START Records

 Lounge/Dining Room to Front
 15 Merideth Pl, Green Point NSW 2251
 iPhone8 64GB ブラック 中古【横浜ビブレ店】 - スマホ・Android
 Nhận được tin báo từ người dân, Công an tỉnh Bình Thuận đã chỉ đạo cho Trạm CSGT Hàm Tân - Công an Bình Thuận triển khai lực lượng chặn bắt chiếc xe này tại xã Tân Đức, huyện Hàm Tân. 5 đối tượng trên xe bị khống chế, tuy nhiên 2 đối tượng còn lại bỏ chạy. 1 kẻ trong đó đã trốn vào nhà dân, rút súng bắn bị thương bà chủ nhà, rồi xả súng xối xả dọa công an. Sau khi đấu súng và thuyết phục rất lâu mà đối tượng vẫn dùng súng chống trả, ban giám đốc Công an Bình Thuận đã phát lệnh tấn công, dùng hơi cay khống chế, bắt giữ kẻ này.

END Records
START Records

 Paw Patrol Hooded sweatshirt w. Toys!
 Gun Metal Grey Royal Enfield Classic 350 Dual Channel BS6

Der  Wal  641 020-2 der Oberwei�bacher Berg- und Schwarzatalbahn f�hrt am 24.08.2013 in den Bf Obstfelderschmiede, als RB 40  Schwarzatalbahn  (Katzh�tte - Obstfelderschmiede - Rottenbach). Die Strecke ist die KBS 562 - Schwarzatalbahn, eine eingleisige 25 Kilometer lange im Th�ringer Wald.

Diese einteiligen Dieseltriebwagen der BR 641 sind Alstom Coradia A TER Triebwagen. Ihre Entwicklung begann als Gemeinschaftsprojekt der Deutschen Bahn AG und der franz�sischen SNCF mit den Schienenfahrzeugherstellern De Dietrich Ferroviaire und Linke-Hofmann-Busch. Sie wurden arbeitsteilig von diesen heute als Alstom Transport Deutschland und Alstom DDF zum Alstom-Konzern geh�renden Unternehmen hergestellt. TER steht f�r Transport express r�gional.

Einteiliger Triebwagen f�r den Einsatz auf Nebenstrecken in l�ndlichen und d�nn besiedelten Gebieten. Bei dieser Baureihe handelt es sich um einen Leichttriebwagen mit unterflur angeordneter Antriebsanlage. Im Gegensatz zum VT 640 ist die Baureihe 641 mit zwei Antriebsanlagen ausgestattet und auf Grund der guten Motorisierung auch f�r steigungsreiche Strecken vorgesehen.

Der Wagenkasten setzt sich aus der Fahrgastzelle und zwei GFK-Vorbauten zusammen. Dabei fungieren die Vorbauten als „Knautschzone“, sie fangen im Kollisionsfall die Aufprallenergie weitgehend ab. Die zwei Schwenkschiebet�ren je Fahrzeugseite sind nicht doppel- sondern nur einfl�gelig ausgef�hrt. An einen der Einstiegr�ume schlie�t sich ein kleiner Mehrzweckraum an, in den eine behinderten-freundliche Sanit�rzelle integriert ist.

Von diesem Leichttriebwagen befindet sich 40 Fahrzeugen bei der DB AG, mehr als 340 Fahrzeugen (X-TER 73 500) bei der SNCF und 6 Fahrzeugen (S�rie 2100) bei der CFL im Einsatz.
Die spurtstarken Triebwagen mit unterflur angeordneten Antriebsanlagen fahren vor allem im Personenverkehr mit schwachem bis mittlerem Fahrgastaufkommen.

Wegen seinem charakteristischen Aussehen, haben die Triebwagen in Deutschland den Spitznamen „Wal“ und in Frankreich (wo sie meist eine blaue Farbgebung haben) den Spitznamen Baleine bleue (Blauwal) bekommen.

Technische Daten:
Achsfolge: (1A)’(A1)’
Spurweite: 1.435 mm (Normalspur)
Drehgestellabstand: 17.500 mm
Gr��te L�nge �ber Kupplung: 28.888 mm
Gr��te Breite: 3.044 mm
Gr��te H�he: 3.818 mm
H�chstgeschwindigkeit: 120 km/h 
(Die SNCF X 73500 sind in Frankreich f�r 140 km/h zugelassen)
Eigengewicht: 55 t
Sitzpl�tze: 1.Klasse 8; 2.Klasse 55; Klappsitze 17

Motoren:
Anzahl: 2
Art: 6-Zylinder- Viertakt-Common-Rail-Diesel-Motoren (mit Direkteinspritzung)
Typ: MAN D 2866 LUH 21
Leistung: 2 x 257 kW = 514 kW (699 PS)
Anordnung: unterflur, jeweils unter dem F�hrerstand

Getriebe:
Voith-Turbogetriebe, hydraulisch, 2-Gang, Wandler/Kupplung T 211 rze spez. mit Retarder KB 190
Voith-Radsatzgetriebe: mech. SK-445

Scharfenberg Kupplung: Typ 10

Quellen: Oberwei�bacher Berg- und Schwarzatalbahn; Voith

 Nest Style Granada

END Records
START Records

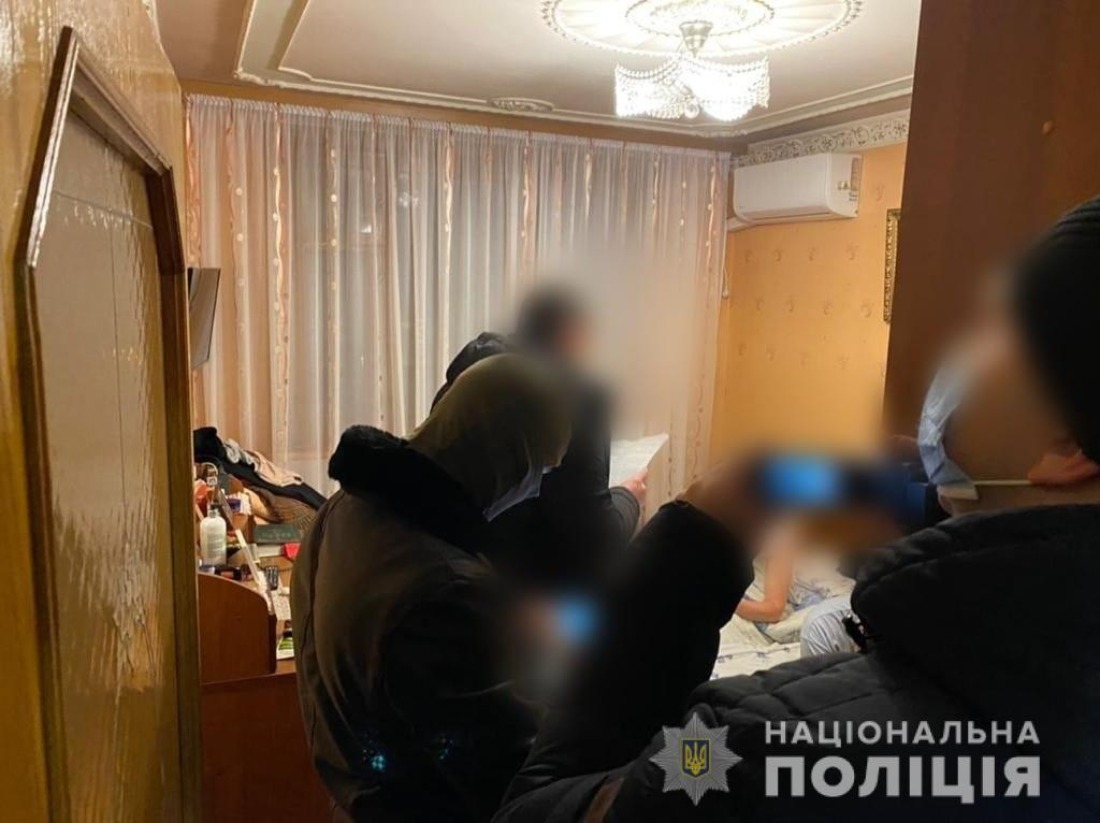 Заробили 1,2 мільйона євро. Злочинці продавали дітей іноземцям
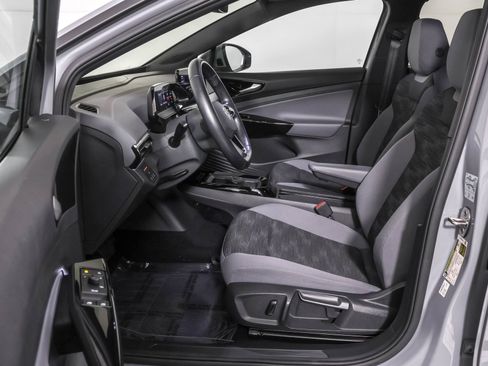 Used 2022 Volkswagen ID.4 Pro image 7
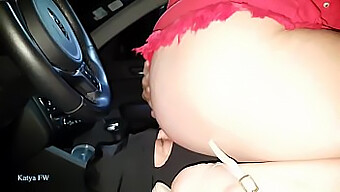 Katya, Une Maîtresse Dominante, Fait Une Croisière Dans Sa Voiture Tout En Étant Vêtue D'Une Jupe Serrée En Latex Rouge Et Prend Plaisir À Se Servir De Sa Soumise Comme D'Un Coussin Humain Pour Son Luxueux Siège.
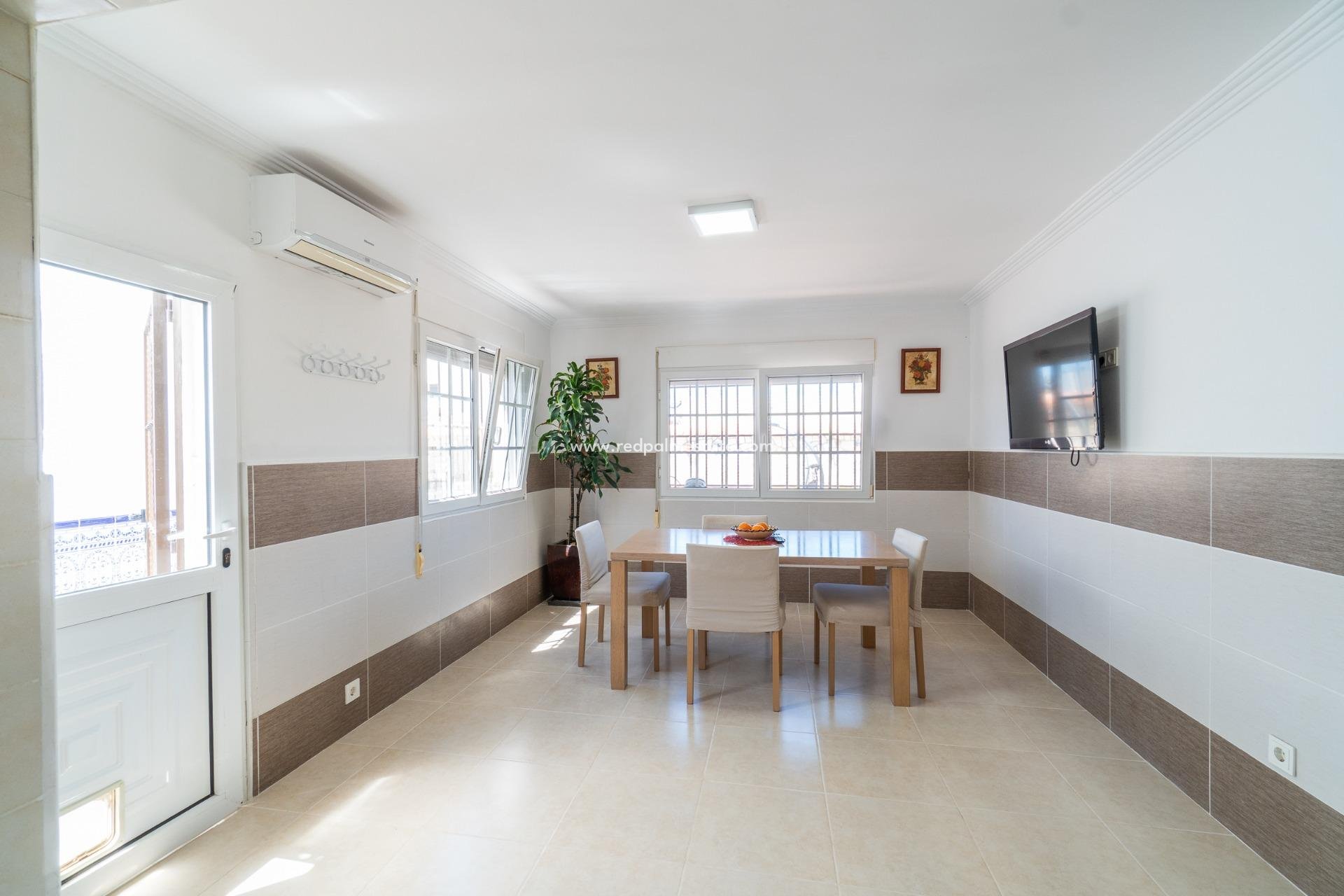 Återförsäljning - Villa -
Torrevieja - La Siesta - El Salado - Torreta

END Records

- Exercise directions: Copy, exactly and only, the lines above that begin with the one containing "im Th�ringer Wald." and finish with the one containing "Die spurtstarken Triebwagen".

- Written response:
Der  Wal  641 020-2 der Oberwei�bacher Berg- und Schwarzatalbahn f�hrt am 24.08.2013 in den Bf Obstfelderschmiede, als RB 40  Schwarzatalbahn  (Katzh�tte - Obstfelderschmiede - Rottenbach). Die Strecke ist die KBS 562 - Schwarzatalbahn, eine eingleisige 25 Kilometer lange im Th�ringer Wald.

Diese einteiligen Dieseltriebwagen der BR 641 sind Alstom Coradia A TER Triebwagen. Ihre Entwicklung begann als Gemeinschaftsprojekt der Deutschen Bahn AG und der franz�sischen SNCF mit den Schienenfahrzeugherstellern De Dietrich Ferroviaire und Linke-Hofmann-Busch. Sie wurden arbeitsteilig von diesen heute als Alstom Transport Deutschland und Alstom DDF zum Alstom-Konzern geh�renden Unternehmen hergestellt. TER steht f�r Transport express r�gional.

Einteiliger Triebwagen f�r den Einsatz auf Nebenstrecken in l�ndlichen und d�nn besiedelten Gebieten. Bei dieser Baureihe handelt es sich um einen Leichttriebwagen mit unterflur angeordneter Antriebsanlage. Im Gegensatz zum VT 640 ist die Baureihe 641 mit zwei Antriebsanlagen ausgestattet und auf Grund der guten Motorisierung auch f�r steigungsreiche Strecken vorgesehen.

Der Wagenkasten setzt sich aus der Fahrgastzelle und zwei GFK-Vorbauten zusammen. Dabei fungieren die Vorbauten als „Knautschzone“, sie fangen im Kollisionsfall die Aufprallenergie weitgehend ab. Die zwei Schwenkschiebet�ren je Fahrzeugseite sind nicht doppel- sondern nur einfl�gelig ausgef�hrt. An einen der Einstiegr�ume schlie�t sich ein kleiner Mehrzweckraum an, in den eine behinderten-freundliche Sanit�rzelle integriert ist.

Von diesem Leichttriebwagen befindet sich 40 Fahrzeugen bei der DB AG, mehr als 340 Fahrzeugen (X-TER 73 500) bei der SNCF und 6 Fahrzeugen (S�rie 2100) bei der CFL im Einsatz.
Die spurtstarken Triebwagen mit unterflur angeordneten Antriebsanlagen fahren vor allem im Personenverkehr mit schwachem bis mittlerem Fahrgastaufkommen.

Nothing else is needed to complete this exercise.